Those principles have now been codified in the secular texts of international law, but it is worth recalling their historical sources at a time when an alliance of mainly Christian countries is fighting a war in defence of a largely Muslim group, the Kosovar Albanians.

And it is worth assessing the right of Nato to claim that it is fighting a just war in Yugoslavia, not least because some of the opponents of military action have warned that the West is facing "another Vietnam". The point about Vietnam was that it was not a just war: it was essentially fought against the right of the Vietnamese people to national self-determination. It was doomed because the United States could claim neither the support of the Vietnamese people nor, more importantly, that of the American people. When the US generals claimed that they were fighting with one hand tied behind their backs, the truth was that they should have had both hands tightly bound; the constraints upon them were those of what US public opinion would accept, and they still got away with Agent Orange and the secret bombing of Cambodia.

If the critics mean simply that a war against Serbia in Kosovo could be long and difficult to win, that is not the same as saying that it will be like Vietnam. It is noticeable that very few voices in this country - mainly confined to a small rump of Conservative ultras - argue that the defence of the people of Kosovo against Serbian terror is not a just cause. Morally, the old doctrine that the internal affairs of nation states are inviolate ended with the Holocaust in Germany. So the arguments against Nato intervention that count are those which assert either that air strikes are an immoral means of prosecuting a just war, or that the harm caused by the action outweighs the gain.

The first objection is easier to overcome than the second. All the techniques of modern warfare carry some risk of casualties among non-combatants. This has to be weighed in the balance with the second objection, which is that the Kosovar Albanians are now suffering more than they would have done if the Nato planes had stayed at base. Which might be a strong argument, except that it is conspicuously not being made by the Kosovar Albanians themselves.

All the same, it is incumbent on Nato's leaders now to show that the good that is obtained by this war outweighs the multiple damages and sufferings it has caused, and will cause. Now that the first objective, of deterring Slobodan Milosevic from replacing one population of Kosovo with another, has failed, Nato urgently needs to redefine its war aims.

Here the comparison should be made with the Gulf war of 1991, rather than with the war in Vietnam. Nato's implicit objective now is the liberation of Kosovo, as then it was the liberation of Kuwait; it should be made explicit, and the job will have to be done by troops on the ground, both those of Nato countries and those of the Kosovo Liberation Army, supplied by Nato. The KLA is no one's idea of a human-rights charity, but it is now the means to a just end.

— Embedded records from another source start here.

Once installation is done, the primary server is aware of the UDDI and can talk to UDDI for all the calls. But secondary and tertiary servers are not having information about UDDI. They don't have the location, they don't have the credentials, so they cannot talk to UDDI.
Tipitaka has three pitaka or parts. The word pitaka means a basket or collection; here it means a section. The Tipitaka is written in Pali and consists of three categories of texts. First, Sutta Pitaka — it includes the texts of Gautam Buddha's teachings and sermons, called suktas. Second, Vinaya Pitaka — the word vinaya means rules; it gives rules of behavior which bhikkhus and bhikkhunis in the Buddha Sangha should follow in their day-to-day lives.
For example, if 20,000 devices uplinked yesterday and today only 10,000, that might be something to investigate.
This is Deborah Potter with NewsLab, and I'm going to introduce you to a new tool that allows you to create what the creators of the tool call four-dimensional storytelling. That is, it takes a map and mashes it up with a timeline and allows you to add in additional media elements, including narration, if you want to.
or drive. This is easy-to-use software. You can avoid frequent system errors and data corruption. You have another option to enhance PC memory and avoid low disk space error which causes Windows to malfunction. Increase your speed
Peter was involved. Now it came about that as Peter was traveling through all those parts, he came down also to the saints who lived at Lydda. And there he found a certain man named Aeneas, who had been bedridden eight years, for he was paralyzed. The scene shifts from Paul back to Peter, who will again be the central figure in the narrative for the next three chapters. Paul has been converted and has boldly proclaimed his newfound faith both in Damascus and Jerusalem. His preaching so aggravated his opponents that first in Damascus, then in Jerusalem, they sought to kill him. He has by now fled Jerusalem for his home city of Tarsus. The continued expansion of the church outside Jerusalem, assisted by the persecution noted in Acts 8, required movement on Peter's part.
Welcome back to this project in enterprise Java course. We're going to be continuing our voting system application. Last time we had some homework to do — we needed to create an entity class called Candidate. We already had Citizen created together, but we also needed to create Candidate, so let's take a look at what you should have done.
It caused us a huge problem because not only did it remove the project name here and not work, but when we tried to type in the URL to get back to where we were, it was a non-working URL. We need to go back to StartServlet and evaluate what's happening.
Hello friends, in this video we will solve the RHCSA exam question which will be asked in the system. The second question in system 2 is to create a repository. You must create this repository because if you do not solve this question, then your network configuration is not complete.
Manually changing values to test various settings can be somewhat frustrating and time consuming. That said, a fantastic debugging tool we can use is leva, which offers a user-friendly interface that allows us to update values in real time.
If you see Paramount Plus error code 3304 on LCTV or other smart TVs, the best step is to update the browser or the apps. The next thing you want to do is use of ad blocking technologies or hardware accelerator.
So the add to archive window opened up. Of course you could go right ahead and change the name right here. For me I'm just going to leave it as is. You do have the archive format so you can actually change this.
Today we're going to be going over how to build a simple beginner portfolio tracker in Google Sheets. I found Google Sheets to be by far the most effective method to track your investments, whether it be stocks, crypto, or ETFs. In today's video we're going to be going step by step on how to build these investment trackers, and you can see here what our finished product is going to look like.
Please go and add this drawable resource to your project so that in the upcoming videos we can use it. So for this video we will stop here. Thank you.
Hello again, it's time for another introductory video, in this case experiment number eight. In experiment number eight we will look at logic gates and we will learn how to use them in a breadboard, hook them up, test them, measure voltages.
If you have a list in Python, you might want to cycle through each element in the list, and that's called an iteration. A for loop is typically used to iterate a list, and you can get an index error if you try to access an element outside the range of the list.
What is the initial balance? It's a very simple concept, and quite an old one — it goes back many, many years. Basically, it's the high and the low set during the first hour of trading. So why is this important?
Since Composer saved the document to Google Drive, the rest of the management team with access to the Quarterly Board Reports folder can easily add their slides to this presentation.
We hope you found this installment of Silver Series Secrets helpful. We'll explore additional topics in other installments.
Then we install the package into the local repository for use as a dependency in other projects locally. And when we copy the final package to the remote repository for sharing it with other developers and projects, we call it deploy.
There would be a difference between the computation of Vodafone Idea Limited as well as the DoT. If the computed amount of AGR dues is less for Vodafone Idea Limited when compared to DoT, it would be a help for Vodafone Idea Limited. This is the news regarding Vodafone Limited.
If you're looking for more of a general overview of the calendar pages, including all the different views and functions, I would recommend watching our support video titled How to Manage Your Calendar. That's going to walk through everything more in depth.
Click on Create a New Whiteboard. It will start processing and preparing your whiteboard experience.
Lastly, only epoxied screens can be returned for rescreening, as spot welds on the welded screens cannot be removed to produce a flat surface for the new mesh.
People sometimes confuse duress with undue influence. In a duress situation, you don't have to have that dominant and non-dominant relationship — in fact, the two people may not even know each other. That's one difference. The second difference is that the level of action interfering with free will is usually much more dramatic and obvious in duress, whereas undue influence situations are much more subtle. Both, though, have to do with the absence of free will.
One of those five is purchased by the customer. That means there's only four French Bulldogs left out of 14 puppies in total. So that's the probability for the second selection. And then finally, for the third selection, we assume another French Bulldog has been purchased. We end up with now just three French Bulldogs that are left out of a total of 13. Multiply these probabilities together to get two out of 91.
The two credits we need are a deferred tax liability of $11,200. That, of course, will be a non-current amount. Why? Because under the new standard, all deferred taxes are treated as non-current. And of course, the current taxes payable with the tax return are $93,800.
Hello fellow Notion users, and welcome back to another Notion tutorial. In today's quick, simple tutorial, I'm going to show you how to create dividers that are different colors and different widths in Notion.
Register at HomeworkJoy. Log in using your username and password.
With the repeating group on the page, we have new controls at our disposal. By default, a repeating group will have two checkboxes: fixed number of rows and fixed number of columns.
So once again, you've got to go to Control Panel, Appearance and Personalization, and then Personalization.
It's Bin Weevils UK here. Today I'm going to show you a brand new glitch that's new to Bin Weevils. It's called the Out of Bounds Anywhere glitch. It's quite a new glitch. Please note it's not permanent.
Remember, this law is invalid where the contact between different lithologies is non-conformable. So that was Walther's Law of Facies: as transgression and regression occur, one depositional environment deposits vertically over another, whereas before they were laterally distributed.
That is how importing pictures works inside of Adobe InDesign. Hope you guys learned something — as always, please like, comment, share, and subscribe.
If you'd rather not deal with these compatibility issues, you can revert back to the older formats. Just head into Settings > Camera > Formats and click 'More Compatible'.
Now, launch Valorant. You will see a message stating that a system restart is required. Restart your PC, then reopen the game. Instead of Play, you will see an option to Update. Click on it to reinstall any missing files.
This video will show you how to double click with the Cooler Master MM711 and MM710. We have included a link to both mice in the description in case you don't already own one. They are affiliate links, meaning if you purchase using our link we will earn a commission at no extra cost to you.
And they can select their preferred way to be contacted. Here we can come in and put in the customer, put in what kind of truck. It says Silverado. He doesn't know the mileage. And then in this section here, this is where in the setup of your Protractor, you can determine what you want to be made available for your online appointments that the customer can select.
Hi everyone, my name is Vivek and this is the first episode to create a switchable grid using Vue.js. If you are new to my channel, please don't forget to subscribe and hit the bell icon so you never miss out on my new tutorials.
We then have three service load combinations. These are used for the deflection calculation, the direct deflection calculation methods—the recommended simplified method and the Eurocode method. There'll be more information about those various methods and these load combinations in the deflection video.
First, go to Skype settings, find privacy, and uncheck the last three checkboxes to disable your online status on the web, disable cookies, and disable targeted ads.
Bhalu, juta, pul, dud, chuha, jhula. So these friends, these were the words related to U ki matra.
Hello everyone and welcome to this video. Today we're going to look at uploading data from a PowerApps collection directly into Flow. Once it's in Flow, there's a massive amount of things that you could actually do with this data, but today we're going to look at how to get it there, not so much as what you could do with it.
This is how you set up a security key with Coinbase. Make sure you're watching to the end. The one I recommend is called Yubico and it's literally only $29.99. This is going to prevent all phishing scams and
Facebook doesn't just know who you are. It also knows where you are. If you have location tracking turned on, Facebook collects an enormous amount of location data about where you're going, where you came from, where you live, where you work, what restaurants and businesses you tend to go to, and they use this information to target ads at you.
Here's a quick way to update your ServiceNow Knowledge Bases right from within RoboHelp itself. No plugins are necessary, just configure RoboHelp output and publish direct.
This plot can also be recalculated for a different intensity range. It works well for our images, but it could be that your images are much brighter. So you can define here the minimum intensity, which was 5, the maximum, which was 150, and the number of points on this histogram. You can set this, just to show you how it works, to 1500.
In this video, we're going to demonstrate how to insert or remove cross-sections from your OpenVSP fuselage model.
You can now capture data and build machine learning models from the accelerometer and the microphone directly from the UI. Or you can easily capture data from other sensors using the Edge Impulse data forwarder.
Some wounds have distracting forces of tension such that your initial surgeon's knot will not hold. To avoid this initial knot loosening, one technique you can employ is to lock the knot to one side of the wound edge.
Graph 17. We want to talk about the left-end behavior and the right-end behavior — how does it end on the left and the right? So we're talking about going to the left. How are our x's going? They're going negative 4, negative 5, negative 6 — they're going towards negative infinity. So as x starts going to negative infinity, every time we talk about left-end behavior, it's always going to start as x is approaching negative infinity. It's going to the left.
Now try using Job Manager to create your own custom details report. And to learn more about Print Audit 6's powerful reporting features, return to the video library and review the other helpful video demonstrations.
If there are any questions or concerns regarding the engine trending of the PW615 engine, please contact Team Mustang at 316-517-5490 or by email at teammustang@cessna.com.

The object is not simply to restore Kosovo to the Kosovars and to protect them. It is to put an end to the ambitions of Milosevic for a Greater Serbia, which is real and frightening, and which depends on an ethnic scorched-earth policy in several areas around Serbia itself.

It is significant that Tony Blair has not ruled out the use of ground troops, and that public opinion both in Britain and in the States is swinging sharply behind their use. This is how just wars in the modern world are fought by democracies whose leaders are open and honest with their people. We need to guard against jingoism, although the press coverage has, in fact, been rather restrained so far. The invention of the monster "Slobba" of Belgrade is a justified use of tabloid techniques to portray a tyrant in vivid colours.

But "Slobba" should beware: democracies are slow to strike but when they do, when they are convinced they are fighting a just war, they strike hard.